Exercise goal
Using the data below, transcribe exactly everything from the line that contains "Corner kitchen shelves" down to the line that contains "Used 2024 GMC Canyon AT4 image 31". Include both of those lines and none of the pictures.

Data to examine

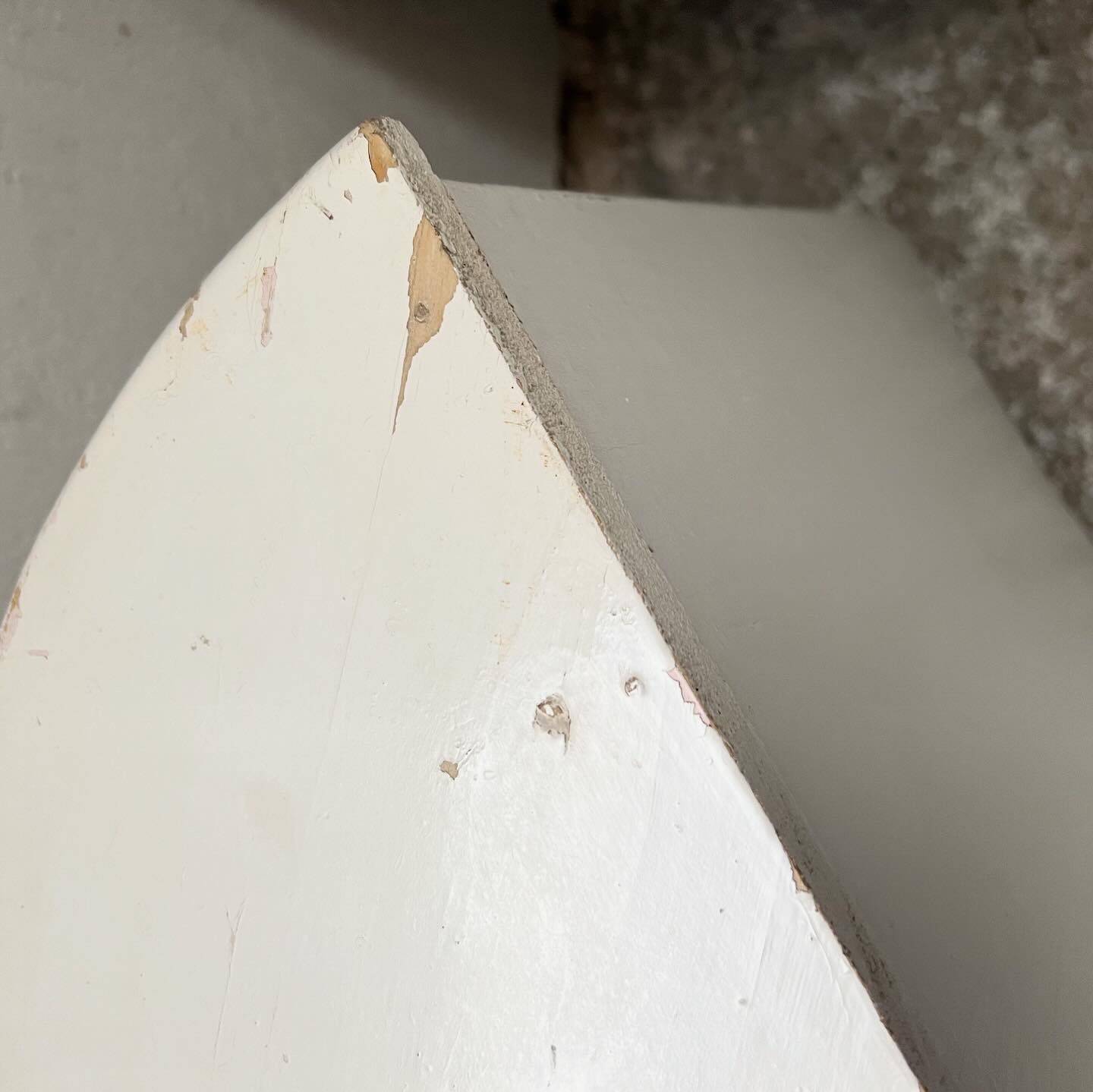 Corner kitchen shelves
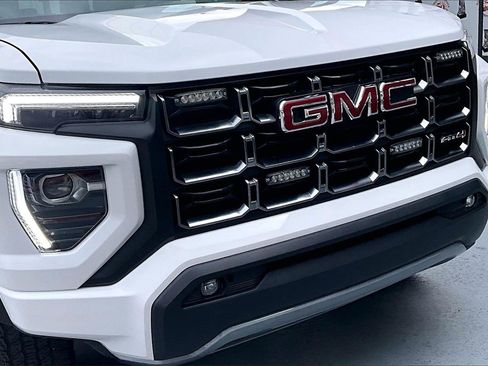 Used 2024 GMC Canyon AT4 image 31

...

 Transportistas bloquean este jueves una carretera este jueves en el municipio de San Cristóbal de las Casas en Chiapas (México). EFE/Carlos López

Response to the task
 Corner kitchen shelves
 Used 2024 GMC Canyon AT4 image 31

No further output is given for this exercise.